• _Data for analysis_:
□ □ □ □

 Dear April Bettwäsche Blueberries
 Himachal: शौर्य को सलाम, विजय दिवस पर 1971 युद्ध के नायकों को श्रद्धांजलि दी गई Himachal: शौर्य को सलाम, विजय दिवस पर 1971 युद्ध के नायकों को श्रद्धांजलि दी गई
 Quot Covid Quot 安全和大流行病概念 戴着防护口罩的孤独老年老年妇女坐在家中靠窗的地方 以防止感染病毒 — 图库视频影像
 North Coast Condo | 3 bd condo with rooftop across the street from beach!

□ □ □ □

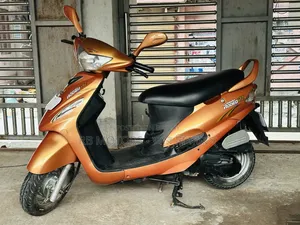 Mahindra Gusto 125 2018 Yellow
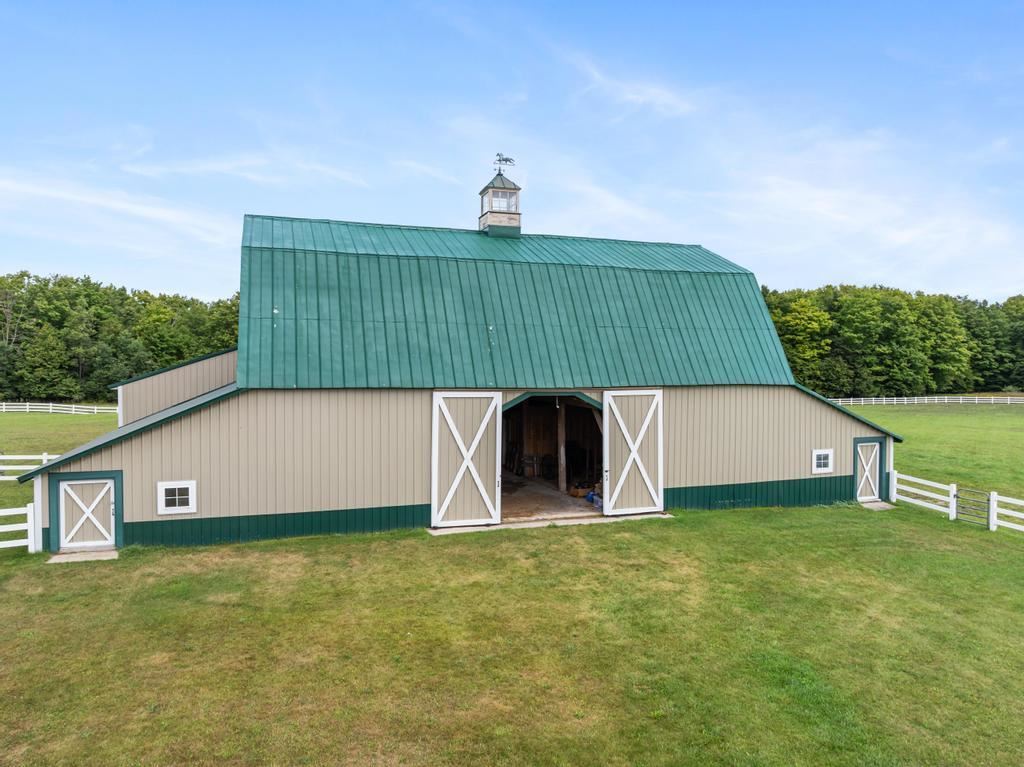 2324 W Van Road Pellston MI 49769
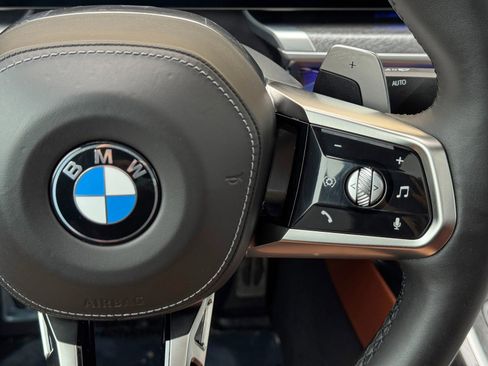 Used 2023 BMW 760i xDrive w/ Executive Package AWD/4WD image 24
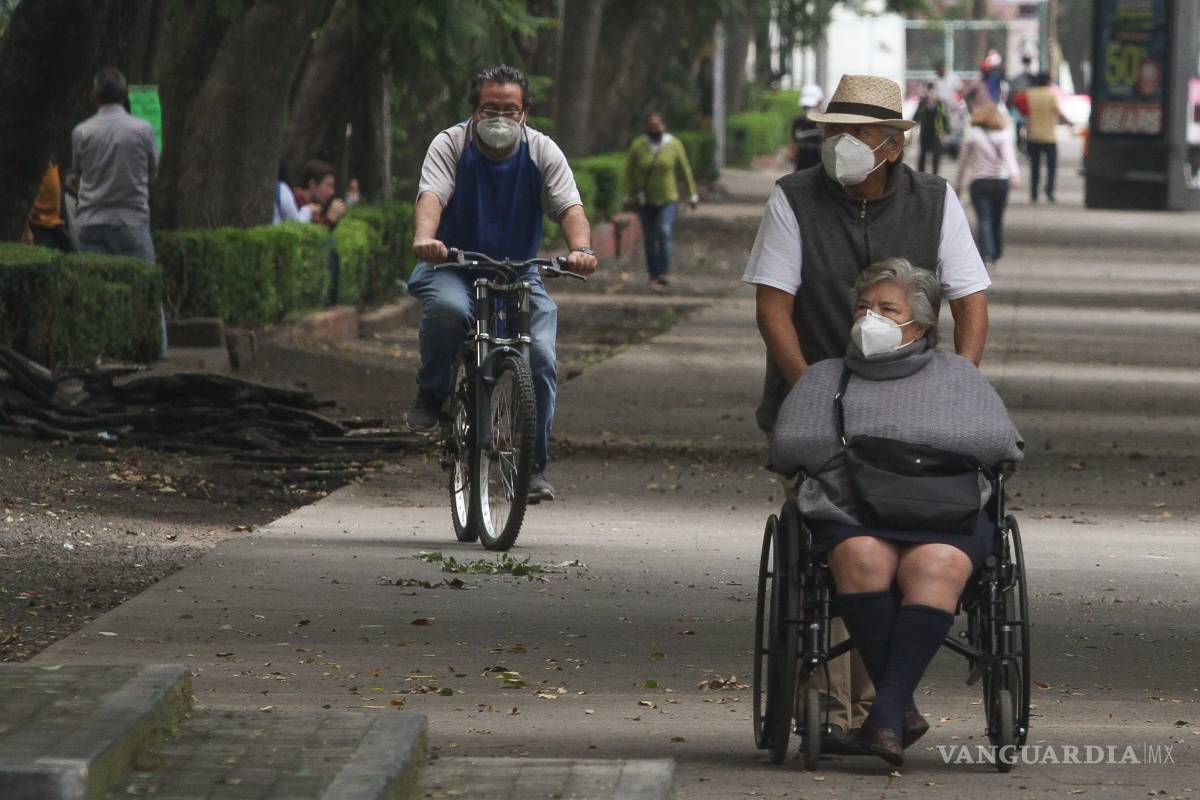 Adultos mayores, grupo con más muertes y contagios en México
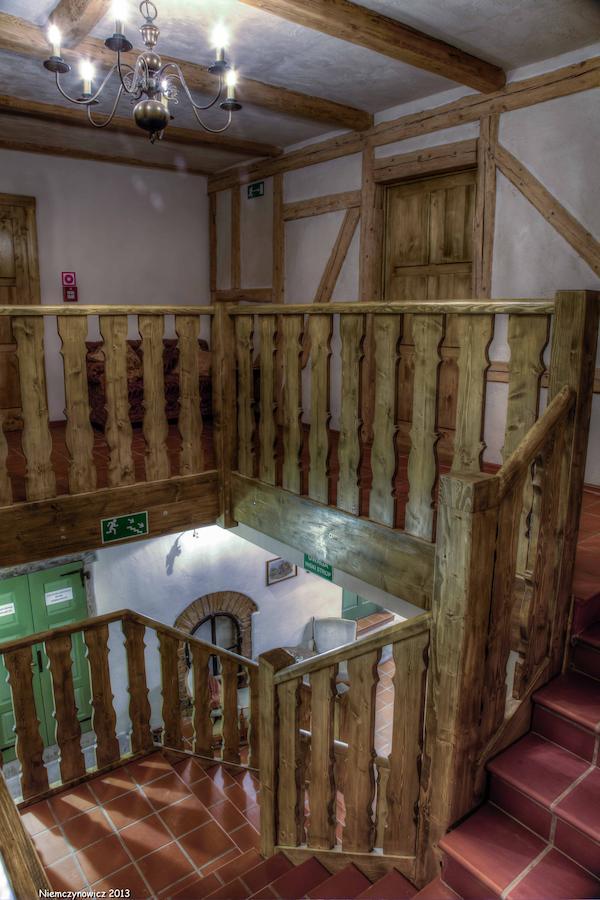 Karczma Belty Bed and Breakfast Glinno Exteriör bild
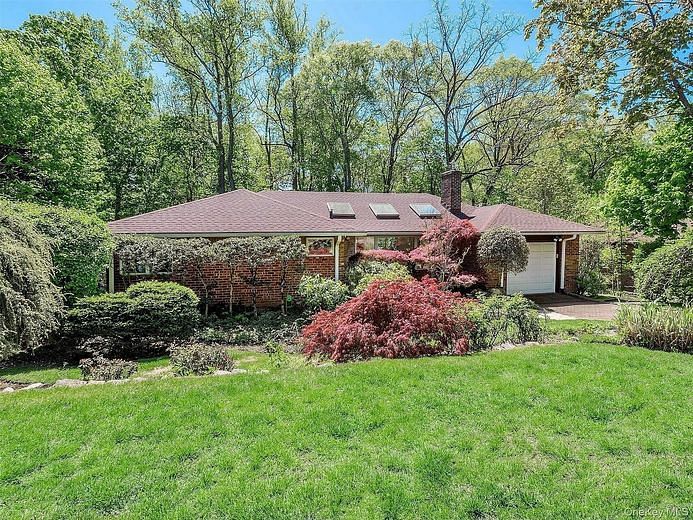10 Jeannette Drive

□ □ □ □

• _Exercise requirements_: Begin at the line above that has "Dear April Bettwäsche Blueberries" and stop after the line that has "North Coast Condo", copying each line exactly and adding nothing else.

• _Exercise result_:
 Dear April Bettwäsche Blueberries
 Himachal: शौर्य को सलाम, विजय दिवस पर 1971 युद्ध के नायकों को श्रद्धांजलि दी गई Himachal: शौर्य को सलाम, विजय दिवस पर 1971 युद्ध के नायकों को श्रद्धांजलि दी गई
 Quot Covid Quot 安全和大流行病概念 戴着防护口罩的孤独老年老年妇女坐在家中靠窗的地方 以防止感染病毒 — 图库视频影像
 North Coast Condo | 3 bd condo with rooftop across the street from beach!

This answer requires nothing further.